Sisu’s first commercial product was a coating for vinyl film that is universally receptive to all commercial inks, including UV inks. UV inks are gaining widespread use and Sisu’s product is the only water-based coating on the market that can be used with UV inks.

“Vinyl labels are being used to replace paper labels in many applications because of their superior durability,” said Stark, “but achieving acceptable printing on vinyl has been a challenge. If you tried printing on uncoated vinyl film, the ink would bead up like water on a freshly waxed car. You need a primer coat and I’ve developed a coating that works extremely well.”

The first company using Sisu’s coating had been trying to find a water-based coating with these characteristics for more than 10 years. They had run trials with several major companies and had not found an acceptable coating.

“Product superiority is what gets us in there,” said Stark. “We are able to solve problems no one else has been able to solve.”

All of Sisu’s products are custom products, made to customer specifications. “A lot of companies are cutting back on their research efforts,” said Stark. “We are one of the few companies willing to work with a customer to develop a new product.

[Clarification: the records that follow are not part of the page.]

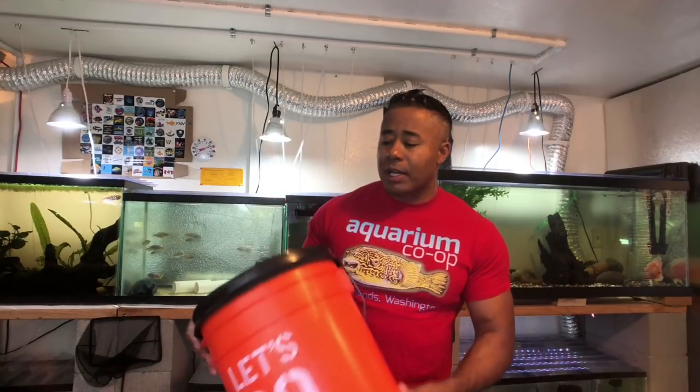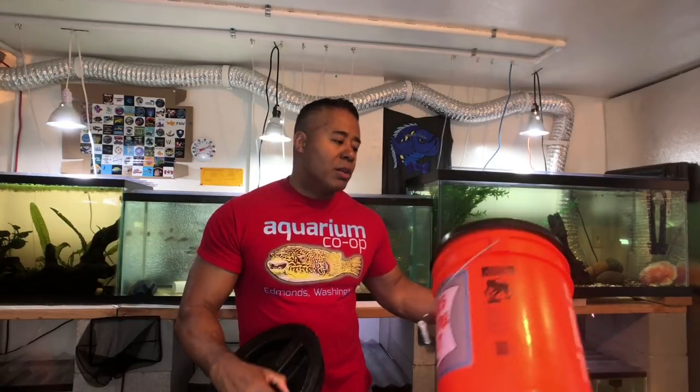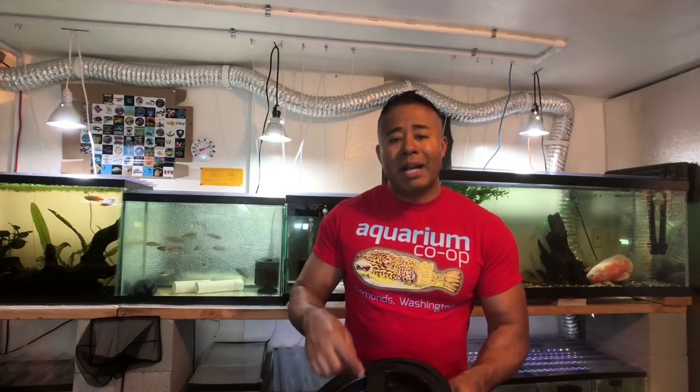One of my favorite things to use is a bucket with gamma lids on them. The reason I like gamma lids is they're sealed — this portion snaps onto the bucket, you screw it on, there's a little gasket on the bottom, and it becomes essentially air and water tight. You can get them at Lowe's, Home Depot, and many hardware stores. That's great for short distances, but if you need to run an air line in there, you can drill a small hole in the lid and run your air line tubing through that hole. If you're worried about splashing, put a little silicone around it and let it dry before transport. Even without that, very little water will come through that tiny gap.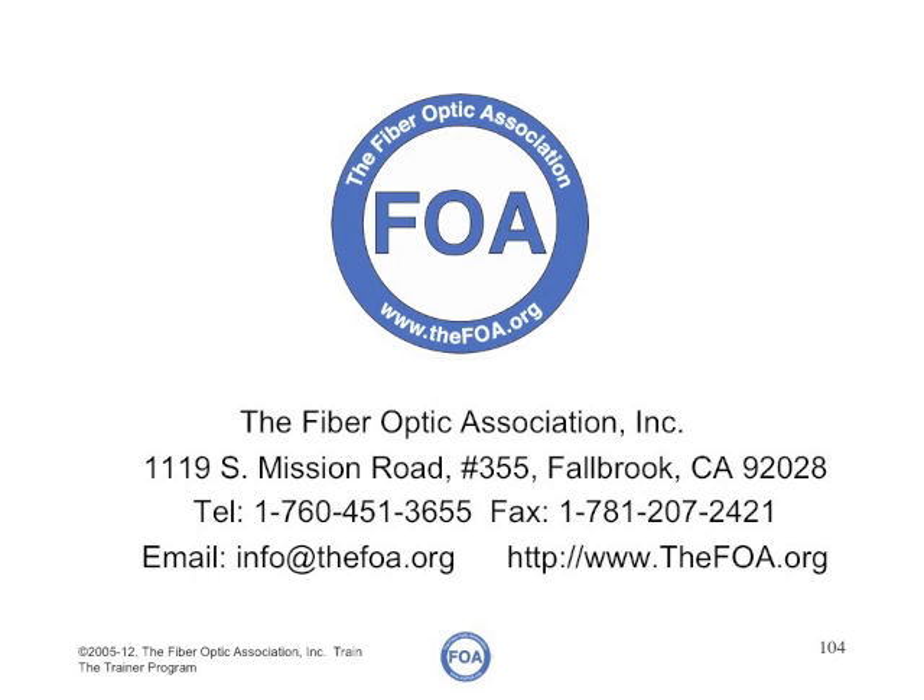That finishes part seven on Hands-On Labs. We're now ready to go to part eight.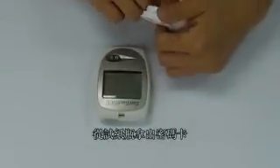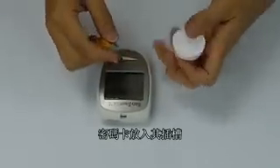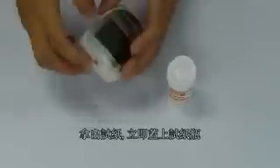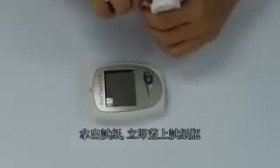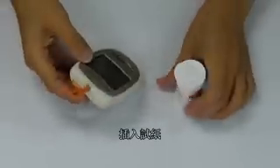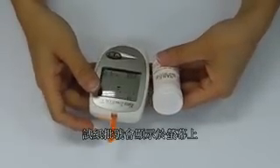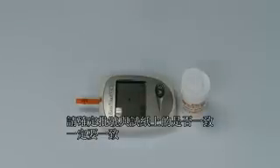Take out the code key from the test strip vial and insert it into the code key slot. Remove a test strip from the vial and close it immediately. Insert the test strip into the test strip slot. Note the code number displayed on the LCD, and be sure that it matches the code number on the test strip vial.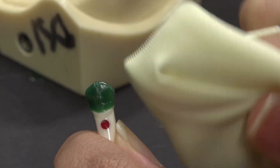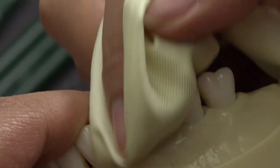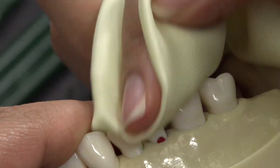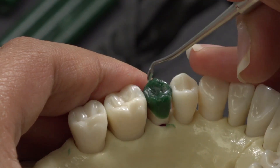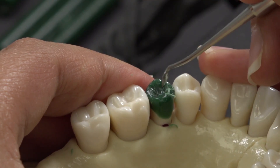I then use silk to polish it even more. I use carver 3 and a hot PKT to refine the occlusal even more.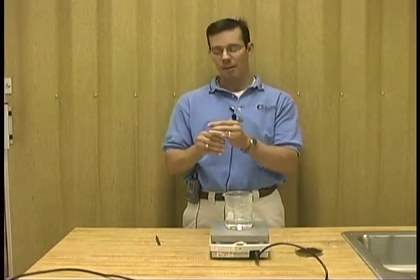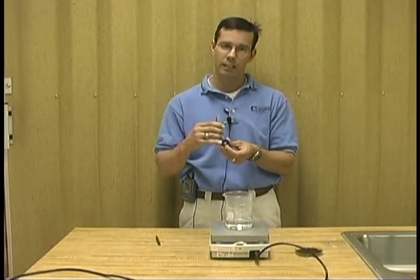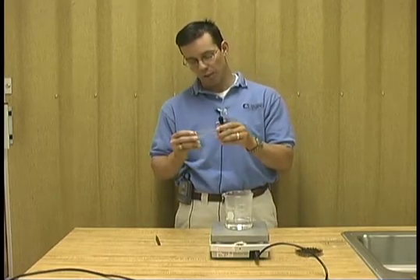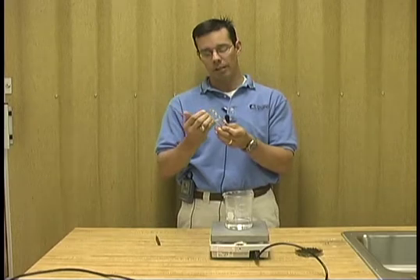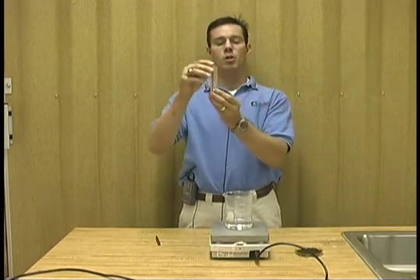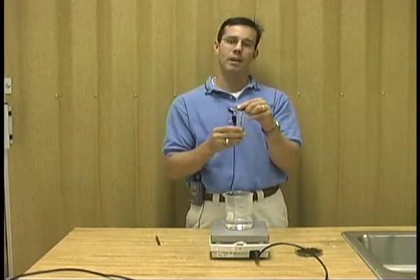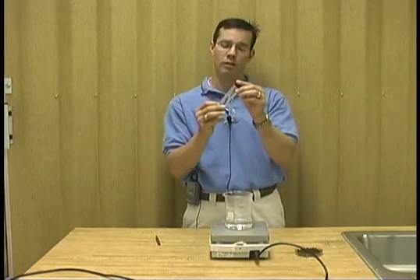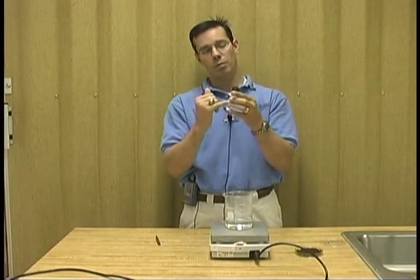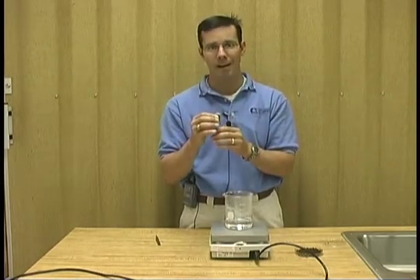This is an example of a vial that we use in our laboratory for preserving insects. It's got a polyethylene seal in it, which prevents it from leaking. One thing to recognize is that when you put alcohol into a vial, there is an air bubble in there. That is not good because when you place your insects in there, that air bubble — every time this vial is moved — will damage the insects. So what's important is that when you put alcohol into the vial, you fill it to the top.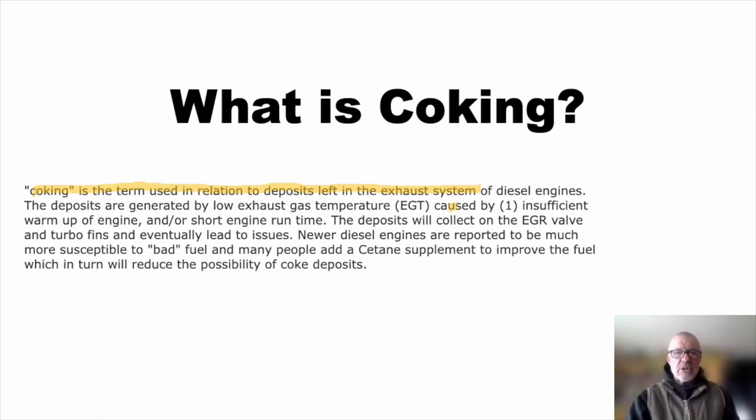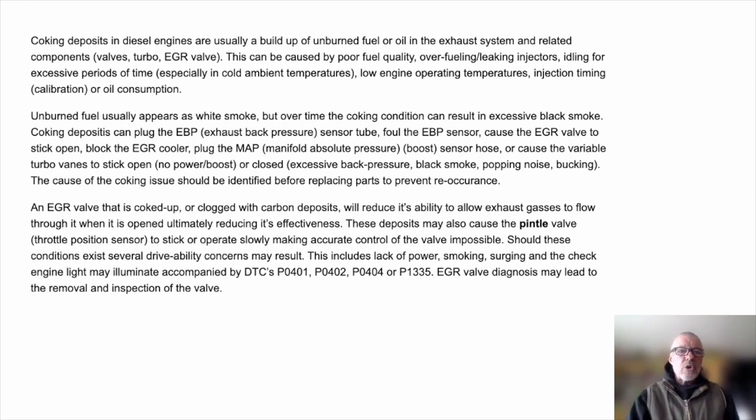Coking is another term very similar to wet stacking — deposits left in the exhaust system of diesel engines. You'll see coking and wet stacking used interchangeably. It's caused by insufficient warm-up or short engine runtime — both things that person was describing as good to do. And the diesel manufacturer is specifically saying, don't do this. Coking deposits are usually a buildup of unburned fuel or oil in the exhaust system, caused by poor fuel quality, overfueling, idling for excessive periods, or low engine operating temperatures. Problems include EGR system issues, turbocharger damage, buildup on intake and exhaust valves, lack of power, smoking, surging, and a check engine light.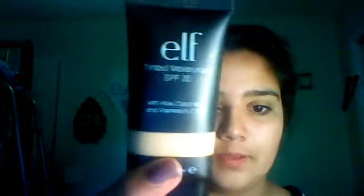So next, what I'm going to do is apply tinted moisturizer, which is the Elf Tinted Moisturizer with SPF 20. I'm packing on the SPF, which is really good for my skin. This is in the color Porcelain. It's a little bit too dark for me, just a little bit, but pretty much you can handle it.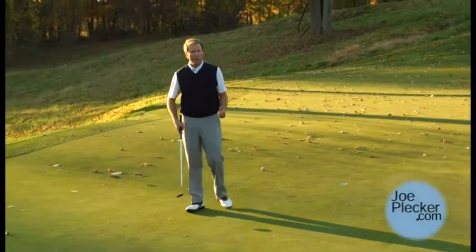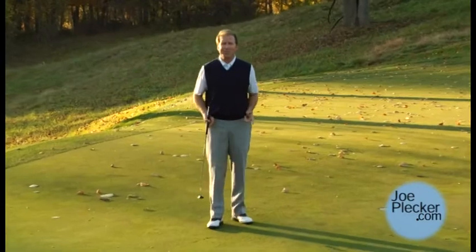If you can practice those, you'll improve your putting and know how you do against the PGA Tour.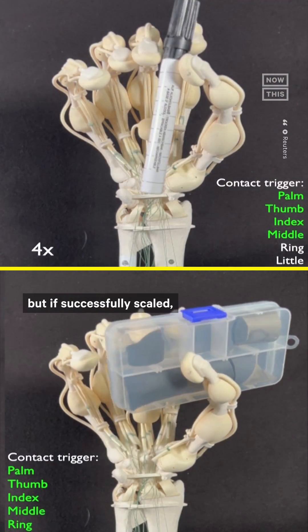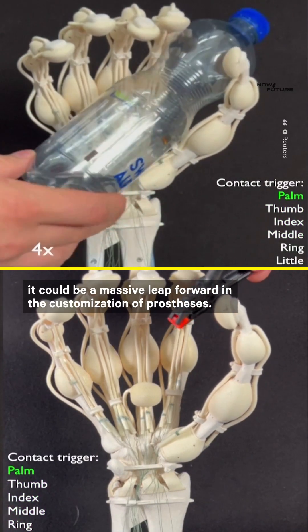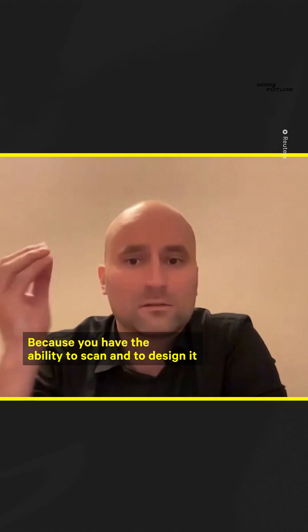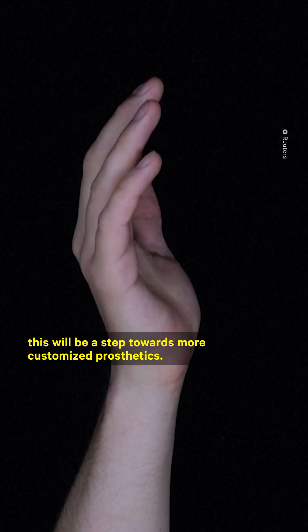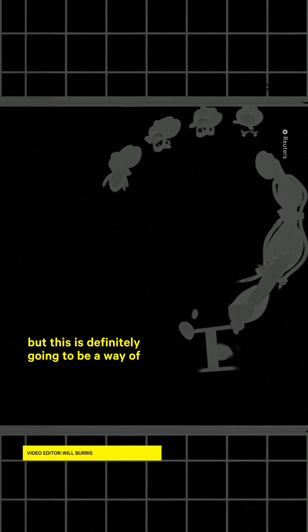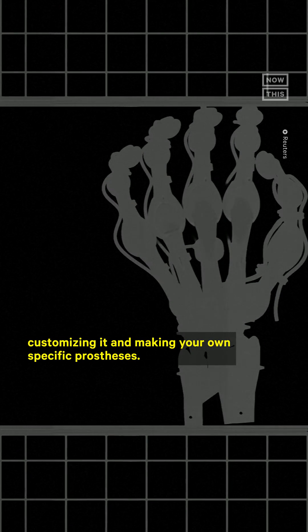The hand isn't available for production yet, but if successfully scaled, it could be a massive leap forward in the customization of prosthetics. Because you have the ability to scan and design it individually for the person that needs it, this will be a step towards more customized prosthetics. We obviously have lots of work to do from a medical perspective, but this is definitely going to be a way of customizing and making your own specific prosthesis.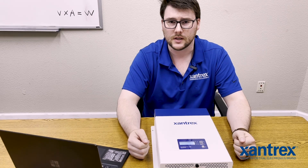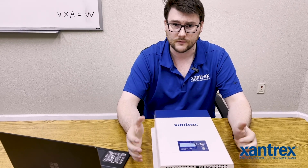Hi, I'm Alex Lung, Sales Application Engineer for Xantrex. Today we're going to be looking at the Freedom X1200. I'm going to show you a couple of the options that you can change in the unit itself and a few of the things that may be helpful in troubleshooting.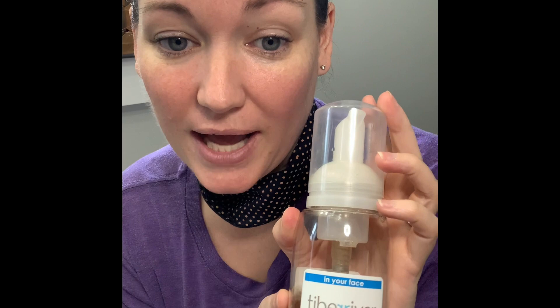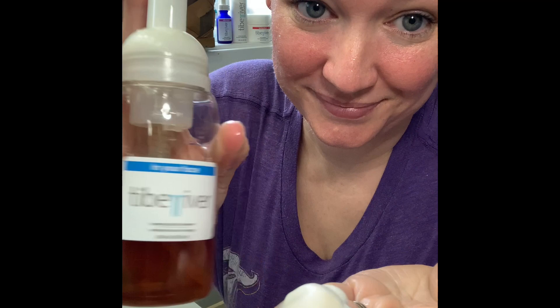Before you apply the Sunny and Char, you're going to wash your face with a cleanser of your choice. I use the In Your Face Foaming Cleanser.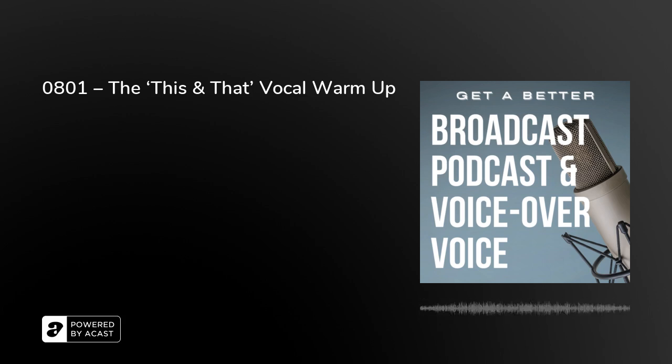Then stick your tongue out a little bit further, again while vibrating that sound. It's another way to warm up your articulators and get a better broadcast, podcast, and voice-over voice.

“I am currently running a pilot trial at a major German ink company with a polymer that I developed for durable inks that require resistance to solvents, as well as to boiling caustic solutions. To achieve this, I developed a unique internal epoxy cross-linking system. It was an extreme challenge, but it seems to work,” Stark said. Since the European company started evaluating the product, Sisu has received requests for samples from other major printing ink companies who are also evaluating the product.

Stark expects to have a water-based adhesive for transdermal patches go commercial in 2006. “I started working with the customer three years ago when I sent them samples,” he said. “It worked, but they took two years going to the major suppliers to see if they could find another product that worked in this application. They couldn’t, so they came back to me and now we’re in the final stage of qualification.” Sisu now has samples of their adhesives being tested at other companies that produce transdermal patches.

“That’s an indication of what you’re up against when you are a small company in this industry,” he said. “My competitors include companies like Rohm and Haas, Dow Chemical and National Starch. So you have to have something special. You have to have solutions to problems that no one else can achieve.”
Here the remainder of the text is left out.